▶ Work instruction:
Print the line where "Simplifast Detox Fasting" occurs and every line that follows it in the data below, ending with the last line, precisely as written.

▶ Extracted material:
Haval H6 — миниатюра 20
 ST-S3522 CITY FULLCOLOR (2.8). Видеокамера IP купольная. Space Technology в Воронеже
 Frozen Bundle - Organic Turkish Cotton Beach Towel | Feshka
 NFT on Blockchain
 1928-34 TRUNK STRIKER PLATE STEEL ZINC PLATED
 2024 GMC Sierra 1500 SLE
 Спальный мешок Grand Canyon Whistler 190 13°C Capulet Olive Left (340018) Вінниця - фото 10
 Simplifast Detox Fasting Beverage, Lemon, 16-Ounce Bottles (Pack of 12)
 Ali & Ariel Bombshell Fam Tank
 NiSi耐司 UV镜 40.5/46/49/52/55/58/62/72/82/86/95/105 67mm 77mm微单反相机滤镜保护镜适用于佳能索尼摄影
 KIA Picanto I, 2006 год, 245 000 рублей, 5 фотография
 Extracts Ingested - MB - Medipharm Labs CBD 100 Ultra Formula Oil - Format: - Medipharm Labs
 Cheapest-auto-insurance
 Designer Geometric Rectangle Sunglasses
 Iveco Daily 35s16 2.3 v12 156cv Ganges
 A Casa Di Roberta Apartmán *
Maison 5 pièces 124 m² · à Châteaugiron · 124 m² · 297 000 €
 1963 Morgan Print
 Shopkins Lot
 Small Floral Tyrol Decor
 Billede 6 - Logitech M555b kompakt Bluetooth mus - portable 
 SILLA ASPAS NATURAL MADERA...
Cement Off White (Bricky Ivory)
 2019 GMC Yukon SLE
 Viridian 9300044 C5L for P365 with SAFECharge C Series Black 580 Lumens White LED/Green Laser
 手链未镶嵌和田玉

▶ Result:
 Simplifast Detox Fasting Beverage, Lemon, 16-Ounce Bottles (Pack of 12)
 Ali & Ariel Bombshell Fam Tank
 NiSi耐司 UV镜 40.5/46/49/52/55/58/62/72/82/86/95/105 67mm 77mm微单反相机滤镜保护镜适用于佳能索尼摄影
 KIA Picanto I, 2006 год, 245 000 рублей, 5 фотография
 Extracts Ingested - MB - Medipharm Labs CBD 100 Ultra Formula Oil - Format: - Medipharm Labs
 Cheapest-auto-insurance
 Designer Geometric Rectangle Sunglasses
 Iveco Daily 35s16 2.3 v12 156cv Ganges
 A Casa Di Roberta Apartmán *
Maison 5 pièces 124 m² · à Châteaugiron · 124 m² · 297 000 €
 1963 Morgan Print
 Shopkins Lot
 Small Floral Tyrol Decor
 Billede 6 - Logitech M555b kompakt Bluetooth mus - portable 
 SILLA ASPAS NATURAL MADERA...
Cement Off White (Bricky Ivory)
 2019 GMC Yukon SLE
 Viridian 9300044 C5L for P365 with SAFECharge C Series Black 580 Lumens White LED/Green Laser
 手链未镶嵌和田玉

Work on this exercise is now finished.